▶ **MATERIALS PROVIDED**
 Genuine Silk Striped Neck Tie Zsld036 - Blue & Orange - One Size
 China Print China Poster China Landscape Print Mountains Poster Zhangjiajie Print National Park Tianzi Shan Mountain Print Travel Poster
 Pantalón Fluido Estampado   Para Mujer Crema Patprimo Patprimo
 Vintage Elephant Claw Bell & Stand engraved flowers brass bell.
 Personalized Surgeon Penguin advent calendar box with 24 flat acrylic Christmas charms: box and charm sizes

---

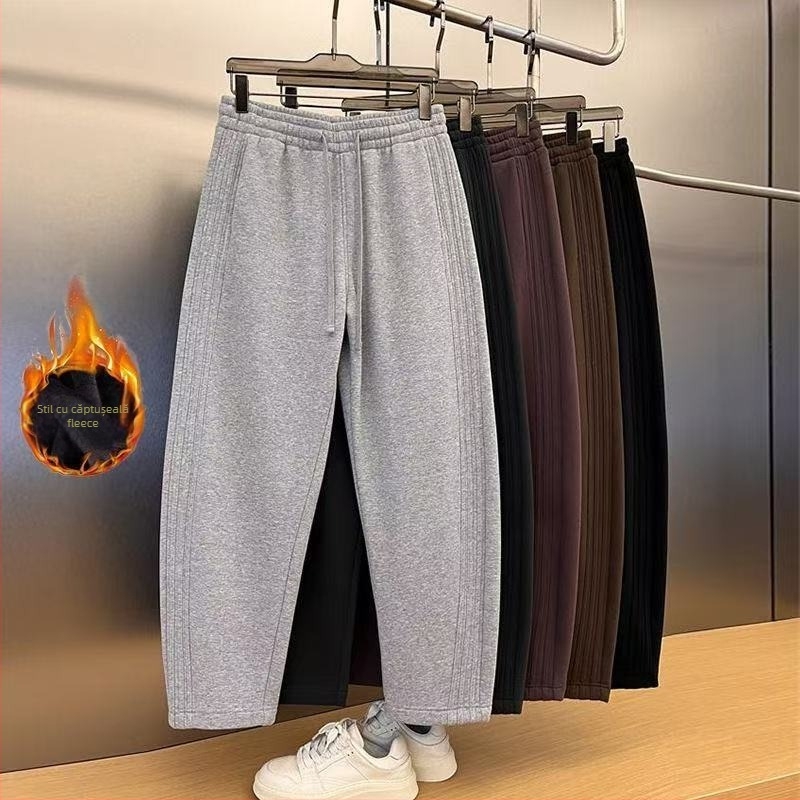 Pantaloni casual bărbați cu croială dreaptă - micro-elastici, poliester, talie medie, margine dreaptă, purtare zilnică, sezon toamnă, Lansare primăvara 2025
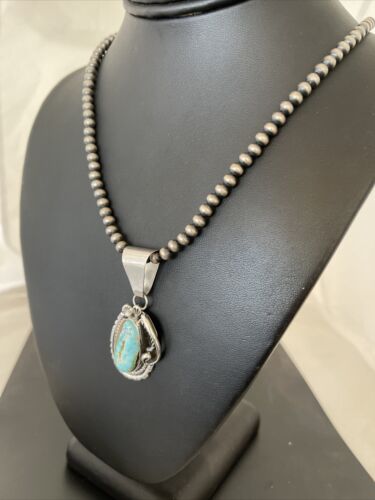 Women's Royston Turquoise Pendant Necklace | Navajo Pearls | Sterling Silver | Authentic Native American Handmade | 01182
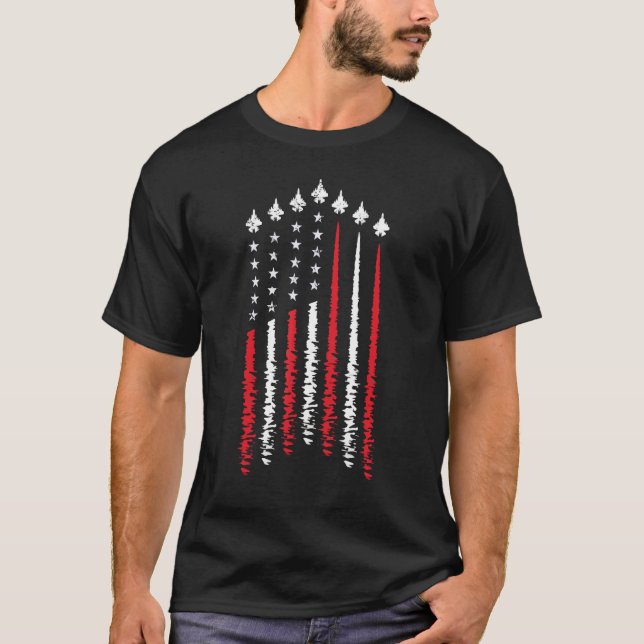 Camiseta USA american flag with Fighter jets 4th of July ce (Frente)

▶ **WORK TO COMPLETE**
In the material above, transcribe exactly the lines beginning at the one with "Vintage Elephant Claw" and ending at the one with "Personalized Surgeon Penguin", both included.

▶ **WRITTEN SOLUTION**
 Vintage Elephant Claw Bell & Stand engraved flowers brass bell.
 Personalized Surgeon Penguin advent calendar box with 24 flat acrylic Christmas charms: box and charm sizes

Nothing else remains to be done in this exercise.